CS 1 – Turn-around Strategy
The Scenario: A social service agency is headed toward insolvency because of systemic dysfunction.
Organizational Profile: 100+ staff members and a similar number of volunteers operating eight programs at ten locations.
Outcomes: Solvency, renewed clarity of mission, revitalized reputation in the community.

Saving the Agency
As I was first becoming acquainted with the Board of a church-related social service agency, I remember asking the Chair of the Search Committee about the financial stability of the organization. “We have no money problems,” he assured me in a tone that indicated some surprise that the question had even been asked.
Three months later, the Director of Finance dropped his first set of monthly financial statements on my desk and declared simply, “We lost $86,000 this month. Welcome to the agency.” Thus began an adventure in organizational dysfunction that spanned four years, two million dollars, and the consumption of untold numbers of bottles of Ibuprofen.

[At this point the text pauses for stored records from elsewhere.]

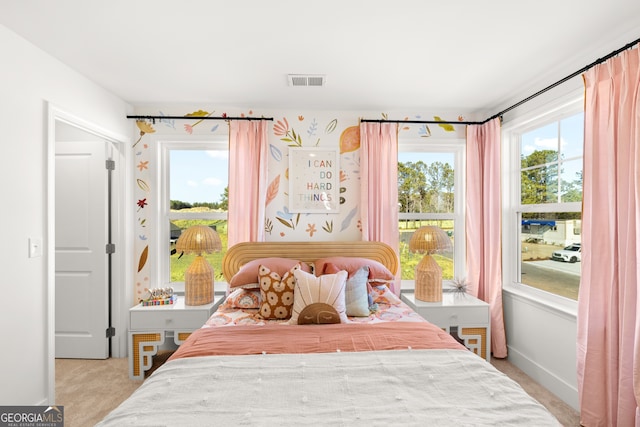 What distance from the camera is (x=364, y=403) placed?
1305mm

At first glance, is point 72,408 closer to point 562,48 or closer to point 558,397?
point 558,397

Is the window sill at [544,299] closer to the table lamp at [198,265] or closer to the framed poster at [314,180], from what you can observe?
the framed poster at [314,180]

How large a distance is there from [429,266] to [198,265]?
208 cm

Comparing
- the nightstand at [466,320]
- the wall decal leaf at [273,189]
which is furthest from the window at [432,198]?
the wall decal leaf at [273,189]

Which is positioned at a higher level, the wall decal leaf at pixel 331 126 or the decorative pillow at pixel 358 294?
the wall decal leaf at pixel 331 126

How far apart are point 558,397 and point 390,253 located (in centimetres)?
167

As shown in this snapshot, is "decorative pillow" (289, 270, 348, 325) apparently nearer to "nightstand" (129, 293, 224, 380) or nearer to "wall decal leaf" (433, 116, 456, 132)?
"nightstand" (129, 293, 224, 380)

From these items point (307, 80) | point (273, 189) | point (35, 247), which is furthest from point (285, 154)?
point (35, 247)

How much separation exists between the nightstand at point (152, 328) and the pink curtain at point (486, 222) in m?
2.66

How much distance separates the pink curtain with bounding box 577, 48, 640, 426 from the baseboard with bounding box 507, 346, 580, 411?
278 mm

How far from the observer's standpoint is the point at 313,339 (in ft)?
6.24

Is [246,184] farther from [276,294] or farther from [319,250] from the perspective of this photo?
[276,294]

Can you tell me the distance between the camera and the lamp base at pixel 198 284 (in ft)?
9.45

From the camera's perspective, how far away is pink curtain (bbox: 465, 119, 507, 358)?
10.3ft
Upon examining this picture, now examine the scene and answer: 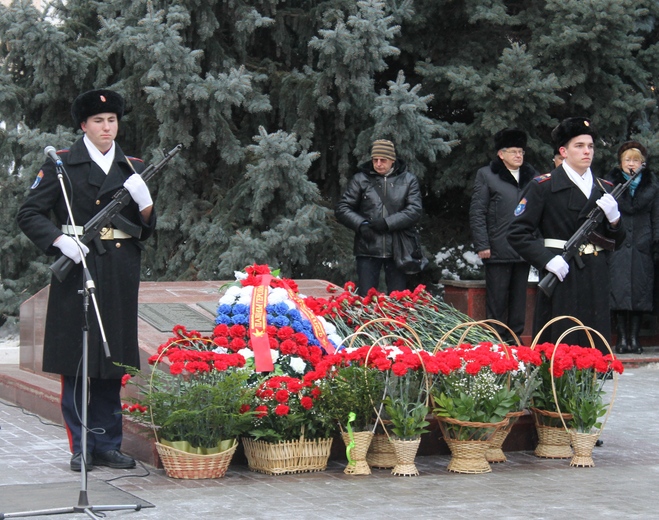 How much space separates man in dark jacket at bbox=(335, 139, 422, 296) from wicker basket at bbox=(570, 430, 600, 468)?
10.9 feet

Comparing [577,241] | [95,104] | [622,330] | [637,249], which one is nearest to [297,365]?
[95,104]

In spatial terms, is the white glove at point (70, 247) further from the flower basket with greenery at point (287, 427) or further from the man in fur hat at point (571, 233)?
the man in fur hat at point (571, 233)

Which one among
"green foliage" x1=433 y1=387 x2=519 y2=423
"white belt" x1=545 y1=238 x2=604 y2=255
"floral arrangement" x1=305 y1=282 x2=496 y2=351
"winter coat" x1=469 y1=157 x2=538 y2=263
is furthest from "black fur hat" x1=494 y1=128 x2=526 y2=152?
"green foliage" x1=433 y1=387 x2=519 y2=423

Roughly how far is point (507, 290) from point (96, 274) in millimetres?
4827

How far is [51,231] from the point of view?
21.7ft

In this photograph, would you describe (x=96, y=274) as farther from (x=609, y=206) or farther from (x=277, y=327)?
(x=609, y=206)

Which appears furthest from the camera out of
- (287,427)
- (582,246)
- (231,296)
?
(582,246)

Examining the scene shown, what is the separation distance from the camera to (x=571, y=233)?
788 centimetres

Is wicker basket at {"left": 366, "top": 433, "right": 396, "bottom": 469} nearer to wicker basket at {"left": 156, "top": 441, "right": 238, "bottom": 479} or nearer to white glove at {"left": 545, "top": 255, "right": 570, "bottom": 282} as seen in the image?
wicker basket at {"left": 156, "top": 441, "right": 238, "bottom": 479}

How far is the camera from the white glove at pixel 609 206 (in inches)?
303

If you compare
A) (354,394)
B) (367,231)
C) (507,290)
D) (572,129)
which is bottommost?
(354,394)

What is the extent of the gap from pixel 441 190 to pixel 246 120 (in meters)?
2.27

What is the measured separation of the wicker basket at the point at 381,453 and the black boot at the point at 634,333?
5925 millimetres

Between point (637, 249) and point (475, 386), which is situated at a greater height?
point (637, 249) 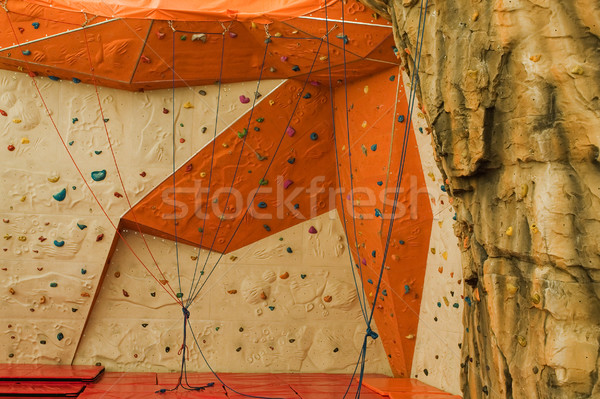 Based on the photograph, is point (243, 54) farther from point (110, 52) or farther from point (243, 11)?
point (110, 52)

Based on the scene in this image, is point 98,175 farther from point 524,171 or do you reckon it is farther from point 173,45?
point 524,171

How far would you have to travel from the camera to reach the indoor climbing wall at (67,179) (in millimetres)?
5980

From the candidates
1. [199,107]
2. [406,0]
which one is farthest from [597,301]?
[199,107]

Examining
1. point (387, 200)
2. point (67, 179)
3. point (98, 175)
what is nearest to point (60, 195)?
point (67, 179)

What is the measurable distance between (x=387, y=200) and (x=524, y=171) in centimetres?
280

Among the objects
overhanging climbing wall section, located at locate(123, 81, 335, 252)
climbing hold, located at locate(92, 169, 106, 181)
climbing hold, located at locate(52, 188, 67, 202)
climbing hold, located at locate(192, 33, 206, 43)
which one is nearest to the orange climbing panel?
climbing hold, located at locate(192, 33, 206, 43)

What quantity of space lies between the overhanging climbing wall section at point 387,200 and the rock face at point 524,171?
79.1 inches

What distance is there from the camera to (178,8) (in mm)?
5438

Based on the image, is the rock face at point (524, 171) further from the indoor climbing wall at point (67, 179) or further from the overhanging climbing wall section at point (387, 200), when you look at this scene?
the indoor climbing wall at point (67, 179)

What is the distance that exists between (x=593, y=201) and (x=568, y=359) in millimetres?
654

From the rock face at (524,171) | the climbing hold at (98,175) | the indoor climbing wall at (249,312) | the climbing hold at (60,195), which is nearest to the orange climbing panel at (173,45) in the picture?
the climbing hold at (98,175)

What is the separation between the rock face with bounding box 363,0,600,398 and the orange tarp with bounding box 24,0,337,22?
2.25 meters

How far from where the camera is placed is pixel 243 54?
5.85m

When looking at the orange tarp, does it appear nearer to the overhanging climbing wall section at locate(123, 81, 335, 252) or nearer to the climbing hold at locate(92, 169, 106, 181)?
the overhanging climbing wall section at locate(123, 81, 335, 252) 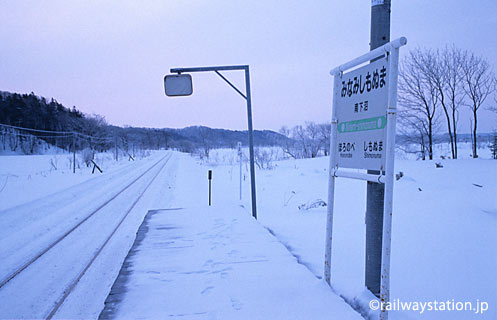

In retrospect the agency’s woes can be succinctly described threefold:
a – the development and public relations functions had atrophied to the point of near non-existence
b – program quality had slid to the point of jeopardizing necessary operating licenses
c – programs had been allowed to proliferate without any overarching, guiding strategy
With fees for service, donated dollars, and licensing reviews all trending in the wrong direction, it was clear that swift action was needed on several fronts simultaneously. Without strong, concurrent measures on all these fronts, the future would be bleak.
And so, work began immediately in these several directions in a veritable maelstrom of activity. A comprehensive development plan was prepared and implemented with the aim of not only averting a cash flow crisis but also of broadening the base of support again.
Coordinated with that plan, a marketing initiative for the fee-for-service programs was launched which addressed directly and forthrightly the growing concerns about program quality. Meanwhile, as those two externally oriented efforts took place, the Board of Directors and the Senior Management Group tended to a strategic planning process which included a thorough evaluation of every single program.
There were many moments when it seemed that the worst-case scenario would not be avoided. Cash reserves were depleted; licenses called into question; worthwhile programs put on hiatus for lack of clients. Yet, with encouragement, board and staff members persevered, refusing to surrender and, gradually, the turn-around began to occur.
The operating losses leveled off; clients and donors started to return; licensing issues were resolved. Perhaps most importantly of all, the organization’s leaders regained clarity about the nature and importance of the agency’s fundamental mission and started to make programming decisions strategically in view of that mission.
The last monthly financial statement before I concluded my work there was the third in a row with slight balances to the good. And at a farewell reception for me, I was congratulated not only by colleagues within the agency but by other community leaders as well for bringing new life to a valuable community resource.